● Records for the exercise:
•••••
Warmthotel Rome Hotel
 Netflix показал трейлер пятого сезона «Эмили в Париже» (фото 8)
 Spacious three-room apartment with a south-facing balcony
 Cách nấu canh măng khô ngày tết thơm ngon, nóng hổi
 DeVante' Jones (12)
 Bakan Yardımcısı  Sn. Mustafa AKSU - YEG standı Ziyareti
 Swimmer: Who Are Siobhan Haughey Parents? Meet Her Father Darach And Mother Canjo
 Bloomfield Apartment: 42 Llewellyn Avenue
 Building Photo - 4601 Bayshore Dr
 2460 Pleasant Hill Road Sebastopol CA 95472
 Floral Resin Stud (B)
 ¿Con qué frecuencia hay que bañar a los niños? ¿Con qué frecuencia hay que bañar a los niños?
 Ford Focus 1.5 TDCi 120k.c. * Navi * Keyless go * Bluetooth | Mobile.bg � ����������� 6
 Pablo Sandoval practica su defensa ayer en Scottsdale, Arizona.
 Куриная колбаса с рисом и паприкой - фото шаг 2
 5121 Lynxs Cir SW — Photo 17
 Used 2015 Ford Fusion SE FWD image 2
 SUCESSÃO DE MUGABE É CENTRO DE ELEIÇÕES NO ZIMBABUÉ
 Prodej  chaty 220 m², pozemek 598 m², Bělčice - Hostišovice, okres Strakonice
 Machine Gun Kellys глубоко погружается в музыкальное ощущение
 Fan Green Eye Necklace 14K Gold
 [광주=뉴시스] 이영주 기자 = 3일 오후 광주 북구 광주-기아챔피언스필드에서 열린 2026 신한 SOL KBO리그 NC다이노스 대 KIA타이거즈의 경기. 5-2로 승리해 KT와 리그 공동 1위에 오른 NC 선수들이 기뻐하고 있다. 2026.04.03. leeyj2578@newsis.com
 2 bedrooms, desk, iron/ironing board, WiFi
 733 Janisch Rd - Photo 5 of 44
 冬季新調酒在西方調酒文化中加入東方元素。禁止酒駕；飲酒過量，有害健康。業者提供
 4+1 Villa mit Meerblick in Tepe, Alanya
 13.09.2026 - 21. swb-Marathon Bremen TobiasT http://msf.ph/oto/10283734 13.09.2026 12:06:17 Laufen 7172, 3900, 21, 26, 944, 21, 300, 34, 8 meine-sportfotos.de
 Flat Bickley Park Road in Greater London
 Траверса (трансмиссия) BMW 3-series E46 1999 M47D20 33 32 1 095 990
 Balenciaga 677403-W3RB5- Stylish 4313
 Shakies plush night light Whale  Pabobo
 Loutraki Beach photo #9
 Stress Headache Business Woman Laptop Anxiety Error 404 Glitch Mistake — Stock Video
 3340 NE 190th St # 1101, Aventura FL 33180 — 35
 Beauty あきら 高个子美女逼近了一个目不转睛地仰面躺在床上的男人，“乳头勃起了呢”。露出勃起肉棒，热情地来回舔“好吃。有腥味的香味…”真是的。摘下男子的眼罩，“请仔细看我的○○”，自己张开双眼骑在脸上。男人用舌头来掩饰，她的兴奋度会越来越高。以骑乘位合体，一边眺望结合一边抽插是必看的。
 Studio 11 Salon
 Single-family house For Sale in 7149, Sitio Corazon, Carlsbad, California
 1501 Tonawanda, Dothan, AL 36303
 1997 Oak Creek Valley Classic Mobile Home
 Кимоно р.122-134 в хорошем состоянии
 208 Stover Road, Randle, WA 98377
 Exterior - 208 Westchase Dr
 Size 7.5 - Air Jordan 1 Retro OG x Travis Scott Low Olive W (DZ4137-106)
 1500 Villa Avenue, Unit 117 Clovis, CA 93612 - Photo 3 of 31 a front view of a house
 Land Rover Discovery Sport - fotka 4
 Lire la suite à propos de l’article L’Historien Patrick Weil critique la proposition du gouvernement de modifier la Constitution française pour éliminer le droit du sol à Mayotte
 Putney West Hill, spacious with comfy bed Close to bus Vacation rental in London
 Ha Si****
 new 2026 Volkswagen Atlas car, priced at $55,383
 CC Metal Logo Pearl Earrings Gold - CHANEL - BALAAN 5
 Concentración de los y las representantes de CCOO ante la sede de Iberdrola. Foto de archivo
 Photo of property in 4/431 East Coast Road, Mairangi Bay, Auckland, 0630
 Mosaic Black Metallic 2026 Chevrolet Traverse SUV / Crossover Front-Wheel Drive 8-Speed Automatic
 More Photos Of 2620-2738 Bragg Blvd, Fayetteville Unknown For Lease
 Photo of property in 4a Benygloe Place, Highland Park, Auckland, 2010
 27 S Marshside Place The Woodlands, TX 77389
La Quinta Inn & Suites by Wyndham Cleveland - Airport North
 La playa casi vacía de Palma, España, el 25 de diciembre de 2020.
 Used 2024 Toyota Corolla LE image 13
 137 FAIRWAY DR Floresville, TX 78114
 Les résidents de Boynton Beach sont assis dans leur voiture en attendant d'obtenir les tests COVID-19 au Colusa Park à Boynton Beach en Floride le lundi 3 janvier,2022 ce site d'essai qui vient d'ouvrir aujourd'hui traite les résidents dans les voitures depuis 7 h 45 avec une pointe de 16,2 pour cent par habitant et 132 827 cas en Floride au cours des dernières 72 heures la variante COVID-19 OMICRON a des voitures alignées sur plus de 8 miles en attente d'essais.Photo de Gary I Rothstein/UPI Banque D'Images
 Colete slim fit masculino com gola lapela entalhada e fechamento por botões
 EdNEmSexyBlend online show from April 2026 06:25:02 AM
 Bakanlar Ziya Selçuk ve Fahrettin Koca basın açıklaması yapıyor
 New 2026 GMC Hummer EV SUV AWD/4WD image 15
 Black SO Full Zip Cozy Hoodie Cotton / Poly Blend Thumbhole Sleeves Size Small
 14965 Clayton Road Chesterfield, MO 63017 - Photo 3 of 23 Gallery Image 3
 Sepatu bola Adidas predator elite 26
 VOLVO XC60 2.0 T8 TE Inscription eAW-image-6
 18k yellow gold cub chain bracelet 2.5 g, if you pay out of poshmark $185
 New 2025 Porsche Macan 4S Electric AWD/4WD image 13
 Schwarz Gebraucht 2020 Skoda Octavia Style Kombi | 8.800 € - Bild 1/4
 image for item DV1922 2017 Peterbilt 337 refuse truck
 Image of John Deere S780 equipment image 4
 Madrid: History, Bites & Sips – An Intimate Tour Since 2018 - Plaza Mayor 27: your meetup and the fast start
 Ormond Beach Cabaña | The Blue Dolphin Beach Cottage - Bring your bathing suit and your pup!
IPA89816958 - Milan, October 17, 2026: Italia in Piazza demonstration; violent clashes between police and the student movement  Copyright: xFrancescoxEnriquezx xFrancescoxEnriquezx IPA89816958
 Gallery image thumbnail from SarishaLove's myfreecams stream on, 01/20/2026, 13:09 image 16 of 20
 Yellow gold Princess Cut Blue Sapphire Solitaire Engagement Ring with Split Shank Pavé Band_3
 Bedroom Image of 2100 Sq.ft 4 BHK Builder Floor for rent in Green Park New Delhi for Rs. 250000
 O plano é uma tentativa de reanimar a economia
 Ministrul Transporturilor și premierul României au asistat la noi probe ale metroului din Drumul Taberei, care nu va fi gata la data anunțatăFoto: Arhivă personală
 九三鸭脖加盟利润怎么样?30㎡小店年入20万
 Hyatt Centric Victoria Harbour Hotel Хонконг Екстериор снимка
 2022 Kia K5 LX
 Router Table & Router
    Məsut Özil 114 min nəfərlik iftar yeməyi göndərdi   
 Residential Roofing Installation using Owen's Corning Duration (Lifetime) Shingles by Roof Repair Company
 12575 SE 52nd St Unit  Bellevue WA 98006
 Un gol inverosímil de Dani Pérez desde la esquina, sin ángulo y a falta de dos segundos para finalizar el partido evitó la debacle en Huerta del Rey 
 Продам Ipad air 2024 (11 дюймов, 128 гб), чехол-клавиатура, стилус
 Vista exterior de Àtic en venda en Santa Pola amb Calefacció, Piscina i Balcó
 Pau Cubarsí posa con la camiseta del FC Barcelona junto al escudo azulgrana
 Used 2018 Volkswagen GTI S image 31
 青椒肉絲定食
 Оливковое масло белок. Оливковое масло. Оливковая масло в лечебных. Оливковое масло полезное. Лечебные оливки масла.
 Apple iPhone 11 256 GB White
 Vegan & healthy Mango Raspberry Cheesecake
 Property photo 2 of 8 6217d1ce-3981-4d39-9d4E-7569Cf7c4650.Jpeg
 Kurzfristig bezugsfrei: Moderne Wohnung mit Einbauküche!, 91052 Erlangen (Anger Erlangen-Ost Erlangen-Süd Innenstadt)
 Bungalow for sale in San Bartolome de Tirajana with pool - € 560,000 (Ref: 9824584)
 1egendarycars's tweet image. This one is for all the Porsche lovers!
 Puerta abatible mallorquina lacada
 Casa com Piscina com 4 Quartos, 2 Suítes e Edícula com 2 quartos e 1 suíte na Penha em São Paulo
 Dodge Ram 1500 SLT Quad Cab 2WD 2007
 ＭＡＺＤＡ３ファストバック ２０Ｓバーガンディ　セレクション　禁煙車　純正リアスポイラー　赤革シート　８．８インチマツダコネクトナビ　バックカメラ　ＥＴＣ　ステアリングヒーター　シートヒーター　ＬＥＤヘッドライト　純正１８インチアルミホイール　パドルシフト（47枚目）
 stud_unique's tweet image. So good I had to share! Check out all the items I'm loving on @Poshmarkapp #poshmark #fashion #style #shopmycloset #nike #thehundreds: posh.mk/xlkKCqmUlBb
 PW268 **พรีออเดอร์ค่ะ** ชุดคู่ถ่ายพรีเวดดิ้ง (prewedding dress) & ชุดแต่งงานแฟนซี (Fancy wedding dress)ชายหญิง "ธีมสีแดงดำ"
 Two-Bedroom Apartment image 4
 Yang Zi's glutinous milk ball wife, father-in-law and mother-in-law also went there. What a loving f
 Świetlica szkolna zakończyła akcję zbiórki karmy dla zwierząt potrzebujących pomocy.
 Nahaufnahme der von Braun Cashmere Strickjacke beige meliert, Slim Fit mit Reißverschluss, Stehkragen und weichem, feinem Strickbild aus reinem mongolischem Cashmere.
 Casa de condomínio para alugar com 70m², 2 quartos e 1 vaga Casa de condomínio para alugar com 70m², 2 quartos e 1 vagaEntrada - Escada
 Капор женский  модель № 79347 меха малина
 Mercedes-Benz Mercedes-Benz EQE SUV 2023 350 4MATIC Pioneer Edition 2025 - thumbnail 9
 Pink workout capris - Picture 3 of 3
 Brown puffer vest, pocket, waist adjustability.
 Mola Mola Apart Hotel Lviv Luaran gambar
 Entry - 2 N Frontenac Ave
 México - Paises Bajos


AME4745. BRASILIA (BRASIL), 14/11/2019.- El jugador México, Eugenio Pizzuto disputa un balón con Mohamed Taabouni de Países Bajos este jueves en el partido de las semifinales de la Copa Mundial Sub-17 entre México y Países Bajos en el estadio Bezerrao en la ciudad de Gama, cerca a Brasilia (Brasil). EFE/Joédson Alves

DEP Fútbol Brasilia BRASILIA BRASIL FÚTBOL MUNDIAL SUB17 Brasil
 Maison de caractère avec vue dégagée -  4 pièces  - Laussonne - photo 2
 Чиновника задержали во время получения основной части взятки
•••••
● Task description: Which lines above run from the one containing "18k yellow gold" down to the one containing "O plano é uma"? Repeat exactly those, both ends included, and nothing else.

● Answer section:
 18k yellow gold cub chain bracelet 2.5 g, if you pay out of poshmark $185
 New 2025 Porsche Macan 4S Electric AWD/4WD image 13
 Schwarz Gebraucht 2020 Skoda Octavia Style Kombi | 8.800 € - Bild 1/4
 image for item DV1922 2017 Peterbilt 337 refuse truck
 Image of John Deere S780 equipment image 4
 Madrid: History, Bites & Sips – An Intimate Tour Since 2018 - Plaza Mayor 27: your meetup and the fast start
 Ormond Beach Cabaña | The Blue Dolphin Beach Cottage - Bring your bathing suit and your pup!
IPA89816958 - Milan, October 17, 2026: Italia in Piazza demonstration; violent clashes between police and the student movement  Copyright: xFrancescoxEnriquezx xFrancescoxEnriquezx IPA89816958
 Gallery image thumbnail from SarishaLove's myfreecams stream on, 01/20/2026, 13:09 image 16 of 20
 Yellow gold Princess Cut Blue Sapphire Solitaire Engagement Ring with Split Shank Pavé Band_3
 Bedroom Image of 2100 Sq.ft 4 BHK Builder Floor for rent in Green Park New Delhi for Rs. 250000
 O plano é uma tentativa de reanimar a economia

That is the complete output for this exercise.